Figure 5. Immune Response Profiles Robustly Distinguish Resistant Animals in the Co-administration Group.

Figure 5.

(A) Histogram of challenge outcomes for all RMs with sensitive and resistant animals defined as those infected (purple box) or not infected (green box) prior to the 10th challenge.

(B–F) Models of infection resistance learned from immunogenicity data post-third immunization for the co-administration group. A classifier was trained to use immunogenicity data to distinguish between animals based on challenge resistance.

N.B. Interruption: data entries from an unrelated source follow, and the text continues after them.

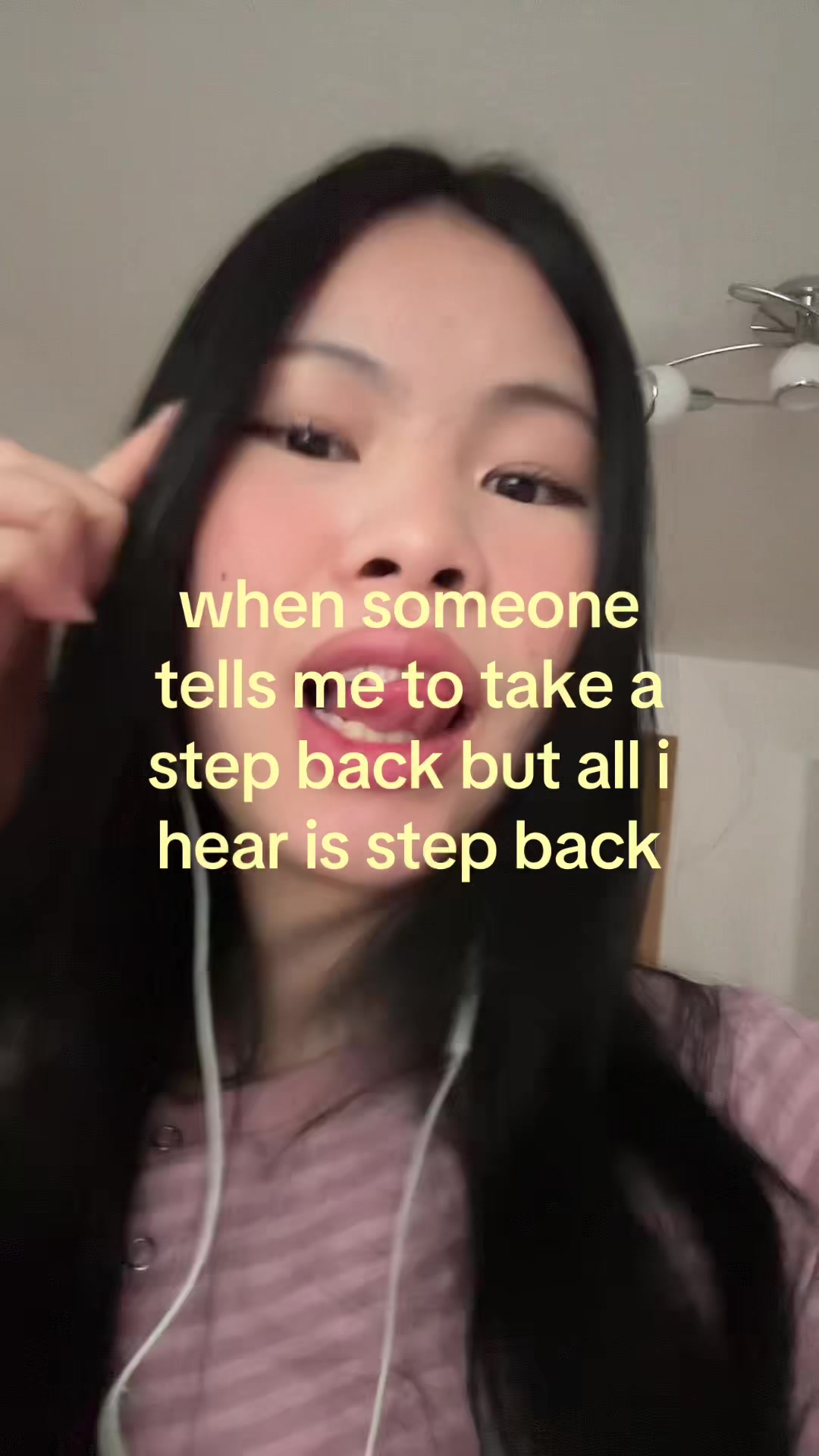@h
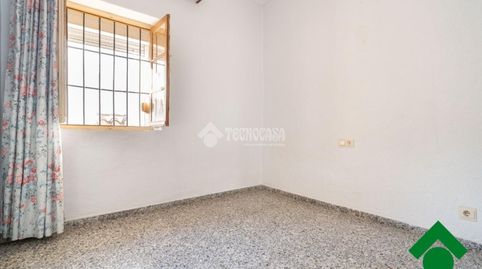 Foto 2 de Casa adosada en venda a Cártama pueblo, Cártama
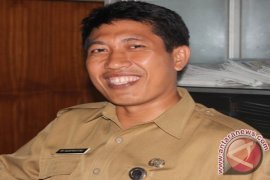Pembahasan rancangan APBD NTB 2014 masih tertunda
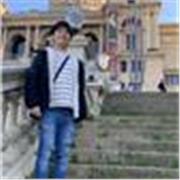 Chinese tutor provides lessons for all ages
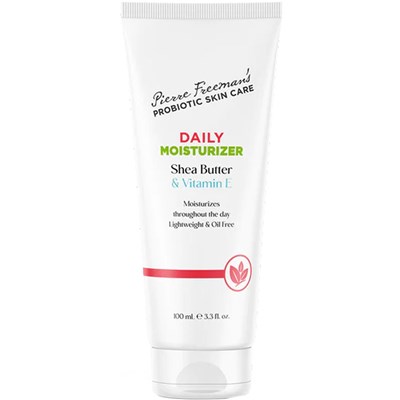 Pierre F ProBiotics Daily Moisturizer 3.3 Fl. Oz.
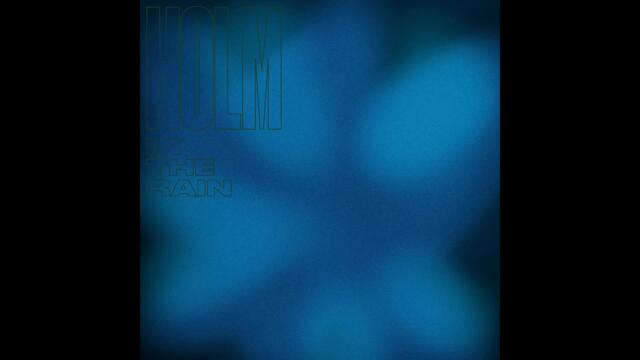 HOLM - In the Rain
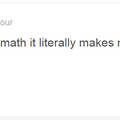 bad_at_math.png
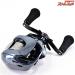 【ダイワ】 23IMZ リミットブレーカー XHL TW HD-C 未使用PEラインバリバス アバニキャスティングPE SMP4号80m装着 DAIWA IMZ LIMITBREAKER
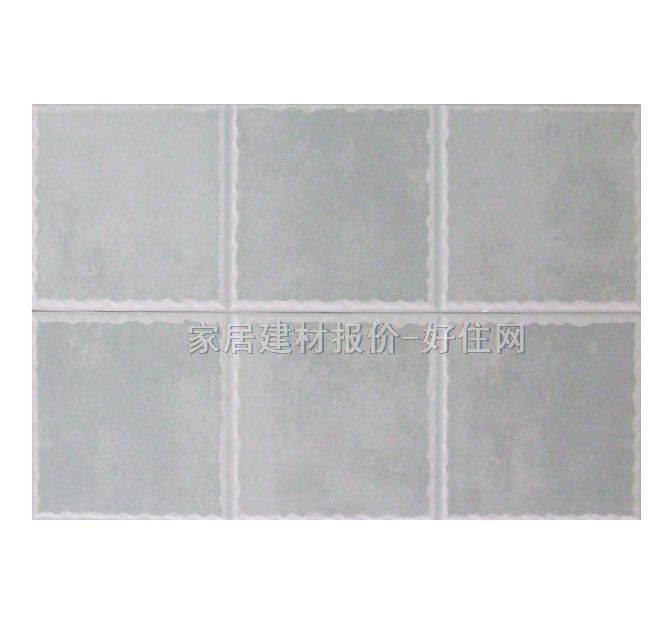 ǽש ǳɫͼFG4868 300450mm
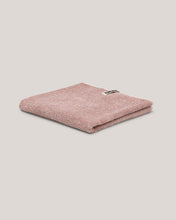 Hand Towel - Iris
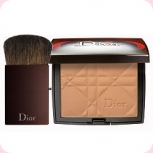 Christian Dior Cosmetic  Bronze Sun Powder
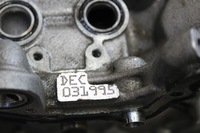фото thumb №10, Audi rs4 rs5 8w 2.9 3.0 tfsi dec блок двигуна 06m103023dt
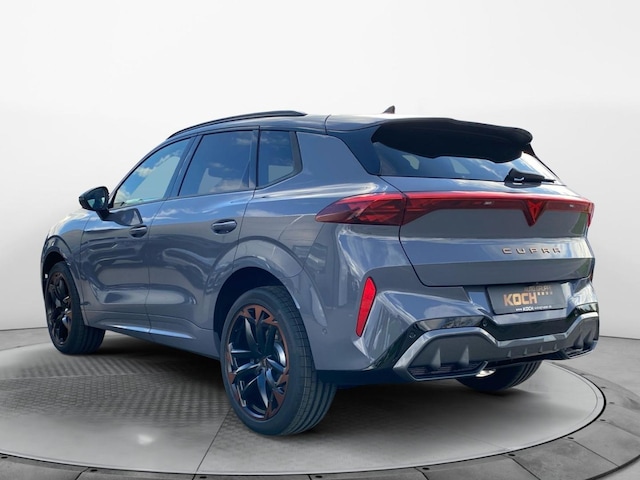 Bild des Autos 4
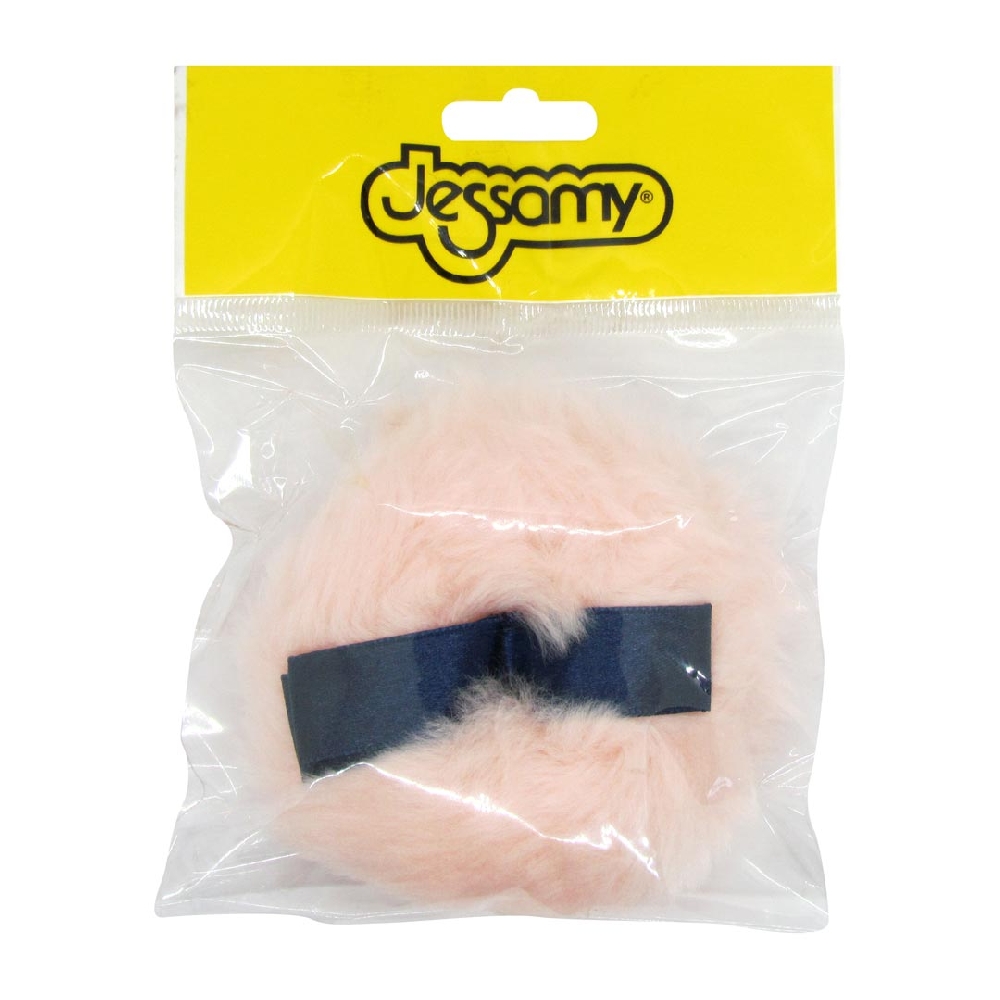 CISNE POMPON MEDIANO | Vista 5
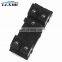 Original Car Power Window Switch 5JD959858 For VW GTI Jetta Golf Passat 5JD959858REH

(B) Balanced accuracy of models learned on training data when applied to test data. Models learned from actual data (left) perform substantially better (Cliff’s delta, 0.84) than those learned from permuted data (right). Robust performance and good overall average accuracy (83%) in the setting of repeated cross validation was achieved.

(C) Confusion matrix depicting the proportion of animals in each study arm predicted correctly/incorrectly.

(D) Model confidence defined by probability of belonging to the assigned class.

(E and F) A final model was trained on the complete data and simplified to a sparse, two-feature model.

(E) Coefficients of features in the simplified final model.

(F) PC biplot of features contributing to the simplified final model with accuracy reported in inset. Resistant RMs are indicated in green; susceptible RMs are indicated in purple.